▼▼▼
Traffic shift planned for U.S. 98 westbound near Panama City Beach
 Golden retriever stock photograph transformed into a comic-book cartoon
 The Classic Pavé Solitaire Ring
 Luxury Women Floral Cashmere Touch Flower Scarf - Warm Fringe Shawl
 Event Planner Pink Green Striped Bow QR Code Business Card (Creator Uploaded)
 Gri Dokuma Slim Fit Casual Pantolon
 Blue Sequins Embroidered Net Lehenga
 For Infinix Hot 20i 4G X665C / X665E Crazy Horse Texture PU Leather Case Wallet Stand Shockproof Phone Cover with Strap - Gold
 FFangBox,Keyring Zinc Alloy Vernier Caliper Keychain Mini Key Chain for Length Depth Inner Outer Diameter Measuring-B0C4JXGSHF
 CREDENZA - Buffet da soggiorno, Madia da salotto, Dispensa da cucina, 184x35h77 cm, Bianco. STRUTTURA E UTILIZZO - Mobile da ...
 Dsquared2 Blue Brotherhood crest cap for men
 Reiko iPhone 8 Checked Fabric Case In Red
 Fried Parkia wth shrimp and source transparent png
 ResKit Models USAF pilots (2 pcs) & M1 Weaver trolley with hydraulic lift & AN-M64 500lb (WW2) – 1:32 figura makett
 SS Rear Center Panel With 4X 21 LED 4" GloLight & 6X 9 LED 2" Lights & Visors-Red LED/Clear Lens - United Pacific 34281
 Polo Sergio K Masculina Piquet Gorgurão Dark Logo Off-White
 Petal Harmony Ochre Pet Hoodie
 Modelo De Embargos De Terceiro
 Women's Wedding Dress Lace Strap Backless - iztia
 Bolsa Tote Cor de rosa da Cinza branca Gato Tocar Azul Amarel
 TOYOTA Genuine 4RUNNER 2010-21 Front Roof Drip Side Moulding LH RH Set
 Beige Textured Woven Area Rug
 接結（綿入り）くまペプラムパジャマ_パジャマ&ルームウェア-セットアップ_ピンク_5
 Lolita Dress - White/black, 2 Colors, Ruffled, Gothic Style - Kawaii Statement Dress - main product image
▲▲▲
Up to and including the last line of the data, copy each line exactly, starting with the line that contains "CREDENZA - Buffet".

 CREDENZA - Buffet da soggiorno, Madia da salotto, Dispensa da cucina, 184x35h77 cm, Bianco. STRUTTURA E UTILIZZO - Mobile da ...
 Dsquared2 Blue Brotherhood crest cap for men
 Reiko iPhone 8 Checked Fabric Case In Red
 Fried Parkia wth shrimp and source transparent png
 ResKit Models USAF pilots (2 pcs) & M1 Weaver trolley with hydraulic lift & AN-M64 500lb (WW2) – 1:32 figura makett
 SS Rear Center Panel With 4X 21 LED 4" GloLight & 6X 9 LED 2" Lights & Visors-Red LED/Clear Lens - United Pacific 34281
 Polo Sergio K Masculina Piquet Gorgurão Dark Logo Off-White
 Petal Harmony Ochre Pet Hoodie
 Modelo De Embargos De Terceiro
 Women's Wedding Dress Lace Strap Backless - iztia
 Bolsa Tote Cor de rosa da Cinza branca Gato Tocar Azul Amarel
 TOYOTA Genuine 4RUNNER 2010-21 Front Roof Drip Side Moulding LH RH Set
 Beige Textured Woven Area Rug
 接結（綿入り）くまペプラムパジャマ_パジャマ&ルームウェア-セットアップ_ピンク_5
 Lolita Dress - White/black, 2 Colors, Ruffled, Gothic Style - Kawaii Statement Dress - main product image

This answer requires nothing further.